◆ Your assignment
Please give back the lines from the line containing "Resepi di atas" through the end of the listing below, exactly as written and without pictures.

◆ Available data
-=-=-=-=-

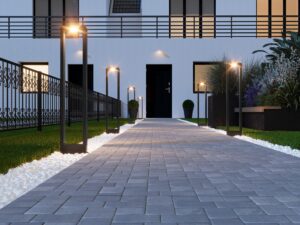 Miniaturka 2 - Czarna lampa stojąca Arius L oświetlająca przestrzeń zewnętrzną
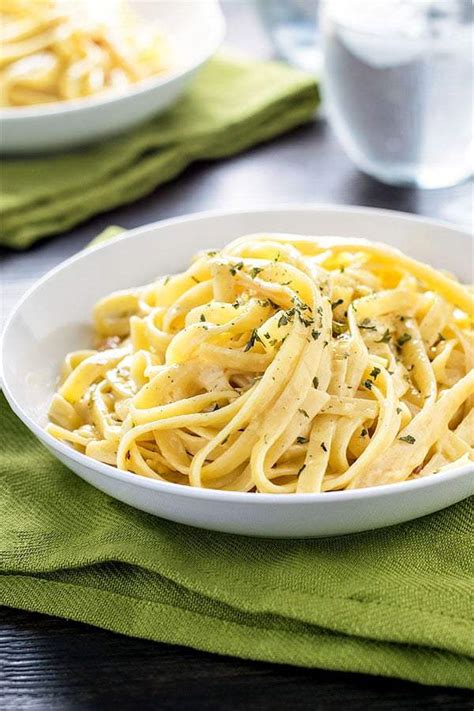 Resepi di atas adalah resepi mudah spaghetti karbonara tanpa menggunakan sos prego. Resipi Fettucine Carbonara - Resepi Bergambar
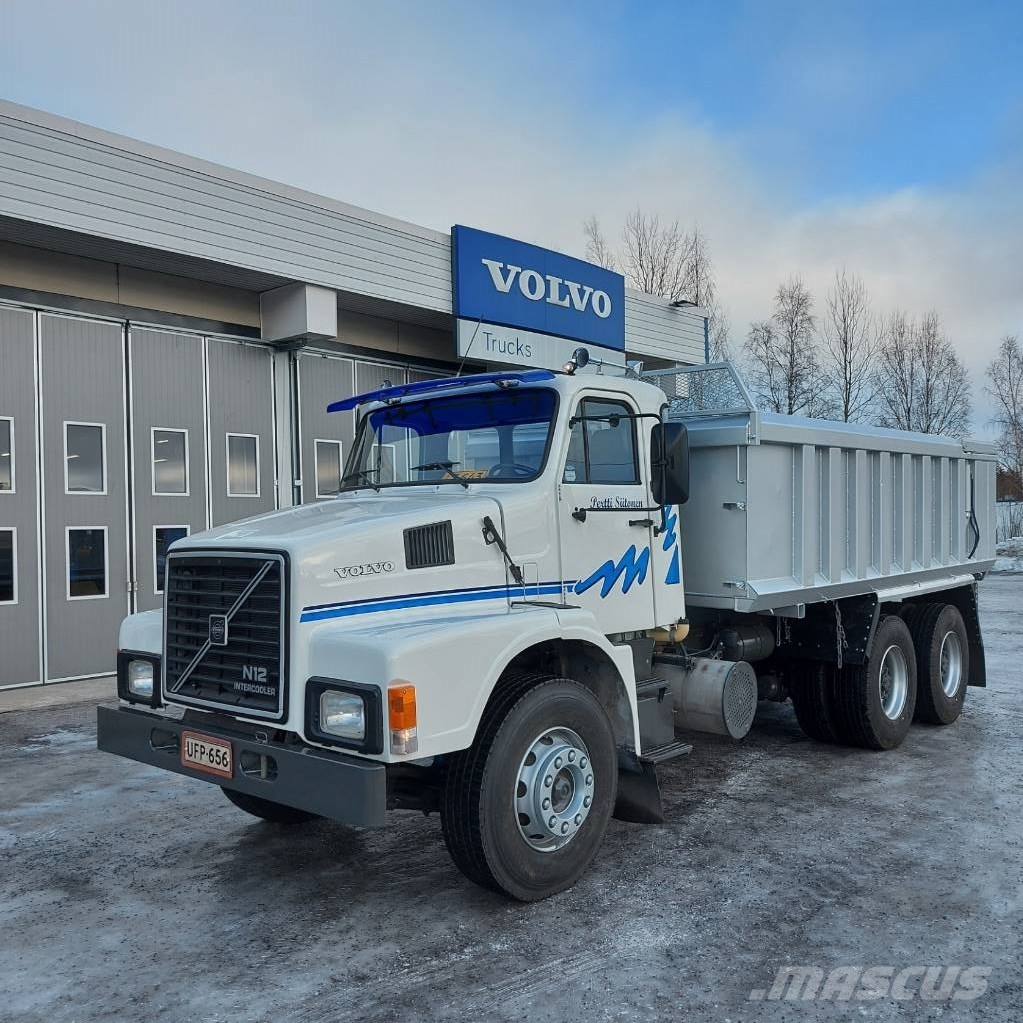 Volvo N12 6x4 Kiperi kamioni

-=-=-=-=-

◆ Solution to the problem
 Resepi di atas adalah resepi mudah spaghetti karbonara tanpa menggunakan sos prego. Resipi Fettucine Carbonara - Resepi Bergambar
 Volvo N12 6x4 Kiperi kamioni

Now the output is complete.